Before I launch into reviewing Kath Kelly's book I want to make a couple of general comments about this genre of book and the ones I have chosen to review. Feelings on eco-thrift/ frugal/ money scrimping books seem to be split mostly into two clear camps - in the green corner the devoted disciples who already live this way or who have pledged to turn their lives around and never touch a new item again, and in the red corner the cynics who criticise the writers for being kill-joys, smug middle class experimenters or mad idealists.
I have looked at quite a range of websites, blogs and books on the subject of saving money and surviving the recession. The first thing to say is that there is no magic one touch solution sitting out there that will revolutionise your finances and take all your problems away. The answers and the methods primarily require simple common sense, an amount of self control and willpower, some work and effort, and being orderly and organised and keeping track of things.
Some of the cynics who would toss these books onto the nearest landfill site seem disappointed and let down to find yet another book with the same fundamental message instead of a map to the promised land along with free first class tickets.
The second thing is that most books and blogs are written from a particular standpoint and will not cover every possible personal situation. However, most have a selection of ideas that you can take away and use or adapt to your circumstances. You just pick the things that are useful to you and leave the others be.
So, onto "How I lived a year on just a pound a day" by Kath Kelly. Kath is not a "smug middle class intellectual" carrying out a social experiment as one Amazon reviewer claimed - clearly they hadn't read the book very well or possibly at all. She starts the book living alone in a rented room and working in job that I would imagine was not that well paid. The whole adventure begins because she needs to save up to buy her brother a really good wedding present and she can't think of any other way to do it - and a deal of alcohol encourages her thinking too.
Actually alcohol is a bit of a recurring theme through this book - any poor students who want to drink for free should definitely read/buy this book as it will be a godsend to them and their student loans.
Kath's situation and outlook were very specific so unless you are single with no dependents and willing to do things like hitch hike, walk a great distance in all weathers and scour the supermarket shelves just before closing time for whatever is available, you won't be in a position to take on her formula in its entirety. However, providing you accept and understand that, and aren't so blinkered as to see that as an insurmountable barrier there are still plenty of ideas that you might harvest for your own situation.

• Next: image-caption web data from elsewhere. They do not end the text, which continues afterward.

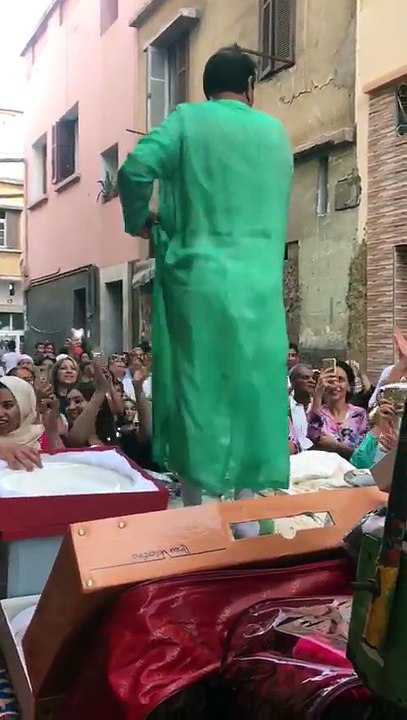 شوفو على شوهة في عرس مغربي ... بنادم مابقاش كايحشم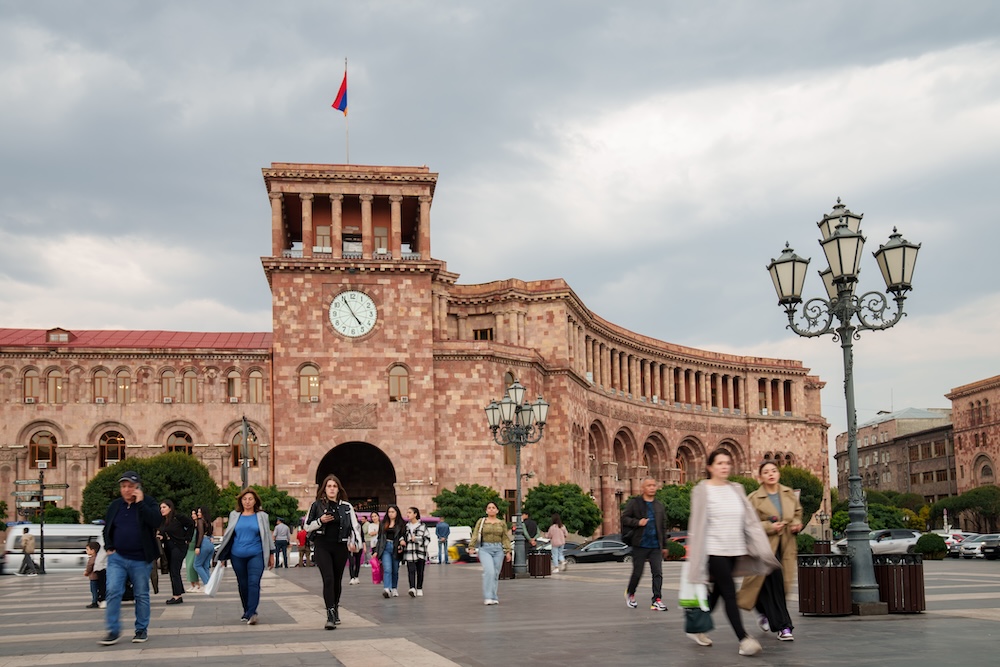 Support of ruling party declines as more Armenians feel unrepresented, survey shows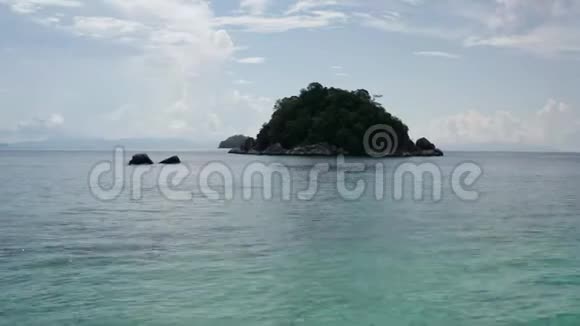 泰国KohLipe日出海滩附近热带小岛的鸟瞰图视频的预览图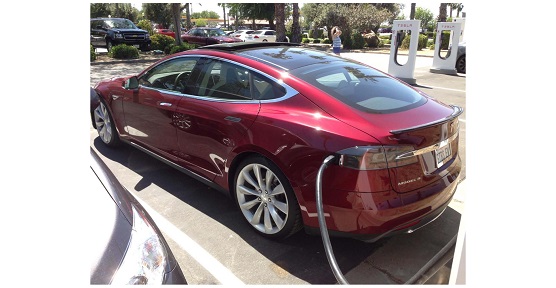 Tesla S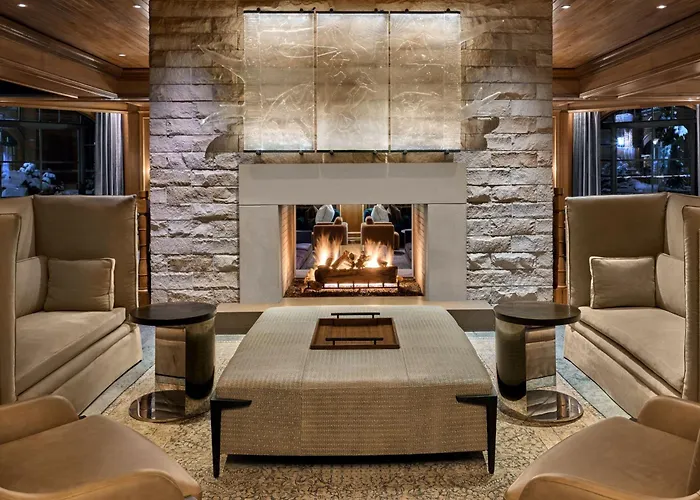 Pet Friendly hotel: St. Regis Aspen Resort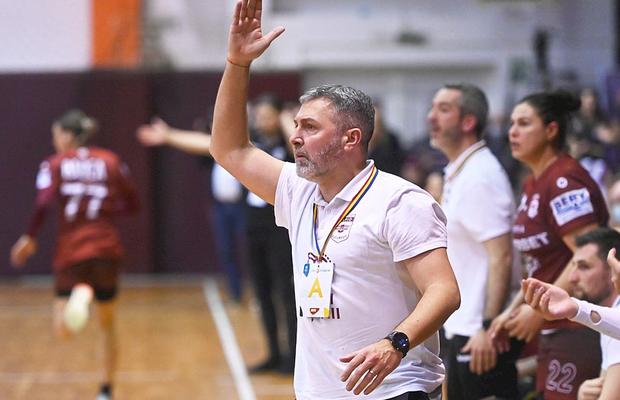 Carlos Viver, antrenorul echipei de handbal feminin a Rapidului, se destăinuie: „Capul, inima îmi cereau să antrenez în fiecare zi”
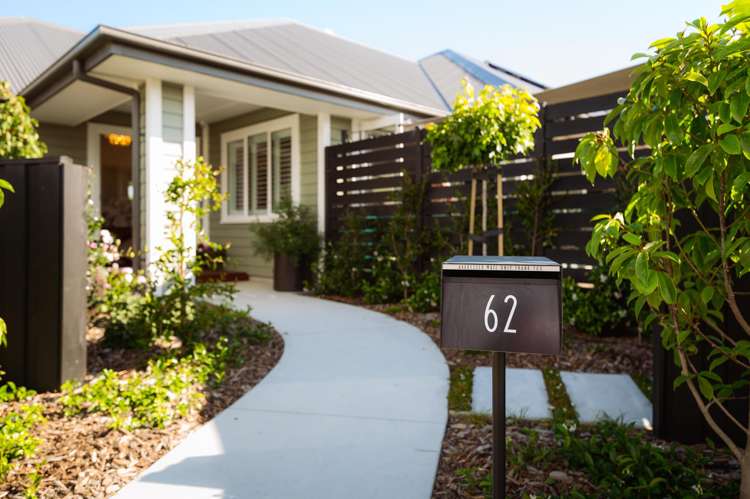 62 Carnaveron Drive Lincoln_31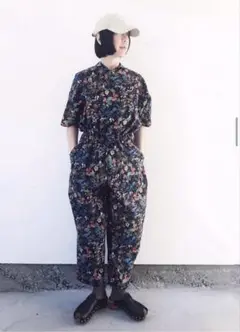 emerald thirteen 花柄リラックスオールインワン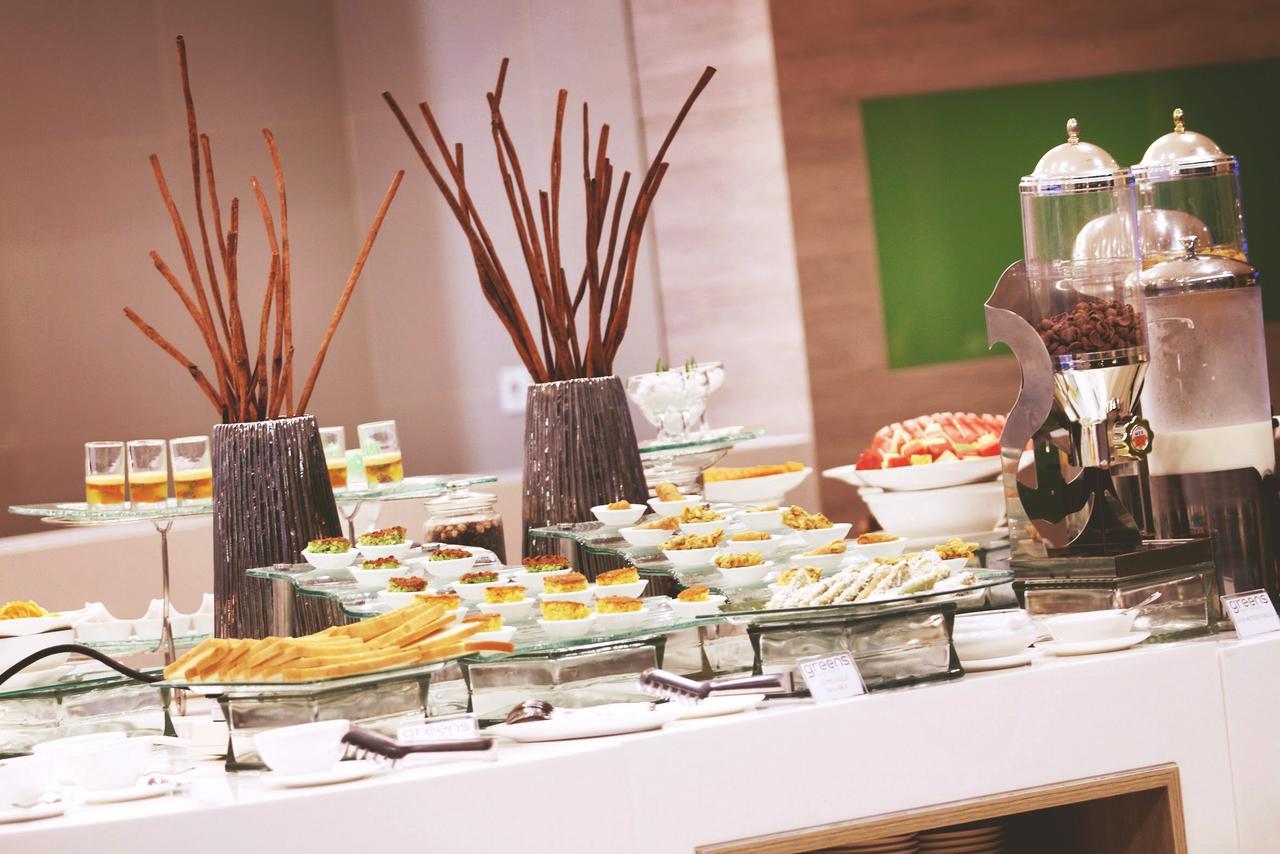 Fox Hotel Pekanbaru Ngoại thất bức ảnh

She is never arrogant enough to suggest that everyone should live this way, although she certainly becomes more evangelical as the book progresses and the anti-consumer culture turns from a financial necessity to a way of life and a new outlook. And although she does not dwell on it, in fact just the opposite, living like this for a year was hard work. In fact that would be one of my criticisms of the book. She makes light of all the obvious physical privations she had to put up with but if you have to do this for real then a good percentage of it is pretty demanding, for example:
"Because I was living on a pound a day I didn't use any heating in my room the whole winter" (but you have to bear in mind it was a shared house so chances are she benefited from the fact that other people were using heat, and possibly slightly more each day because her room was so cold and drawing any heat to it).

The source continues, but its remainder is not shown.